Maybe take it with extreme flexibility as I have seen O gauge track with 27", 36", 48",60", and 72" curve diameters.


----------



## Conductorjoe (Dec 1, 2011)

N scale would be best for that. However the 9 3/4 " radius is half. It takes 20" or more to turn it around. Most locos and cars will not make it around that small of a curve. Best is at least 2' to be able to use 11" radius. That is for running contiuous loop.
Can you go with a 2' wide section at each end to turn it around?

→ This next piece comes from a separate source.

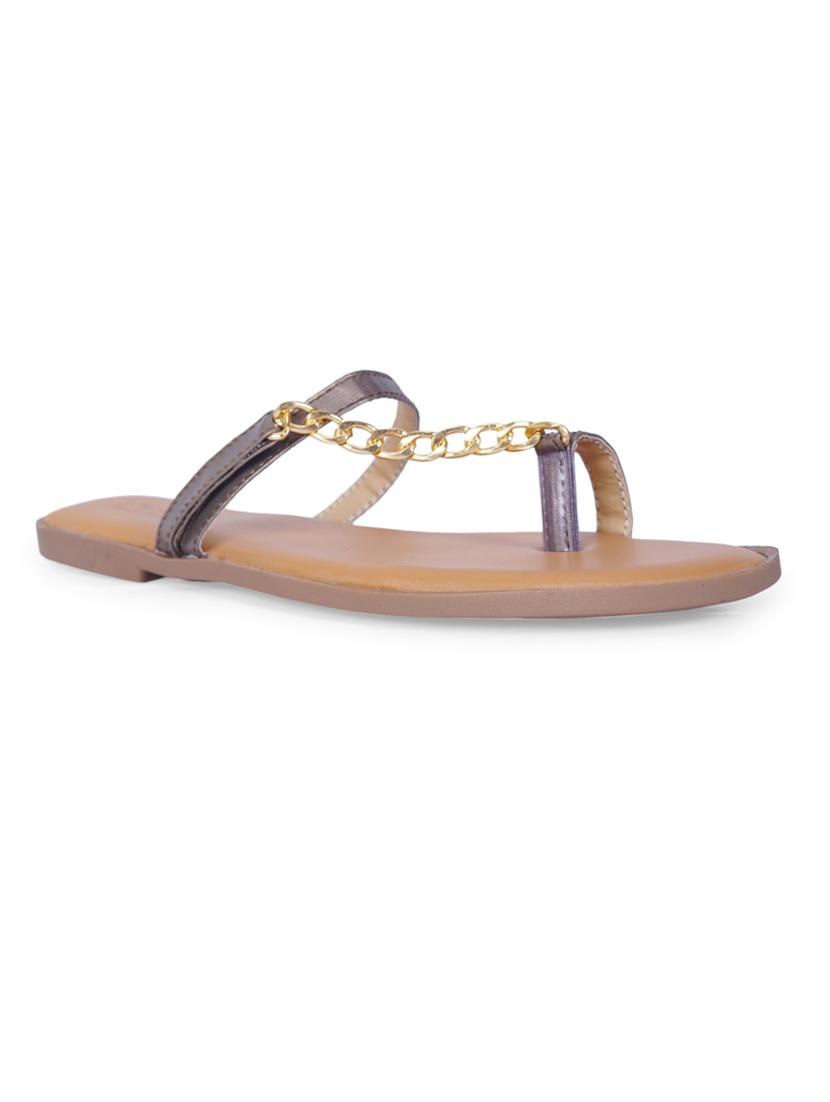 solid one toe flats - 19959401 - Standard Image - 3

Only other option would be a switching yard or point to point with no continious loop.
You can always go with Z scale which is smaller but are limited in products.

Hope that helps


----------



## Conductorjoe (Dec 1, 2011)

Here is a pic from my layout. The loop that goes under is an 11" radius on 2' of space to give you an idea of what it looks like.
There are other pics on my link below if you havent seen them yet. the bridge over the door narrows to 1' in that span.


----------



## T-Man (May 16, 2008)

It doesn't matter just as long as it is FUN.
You can use any scale but you will not be able to turn around unless you get more width or turn it into a circle.


----------



## Big Ed (Jun 16, 2009)

agiantfan said:


> Boys -n- Girls,
> Since I am a newbie at all this train stuff, you'll probably get tired of all the questions. Here's what I have in mind. A U-shaped layout running around 3 walls. The problem is I only have about 1' of space away from the wall. Will this work? If so what size railroad would be best?
> TIA!!!!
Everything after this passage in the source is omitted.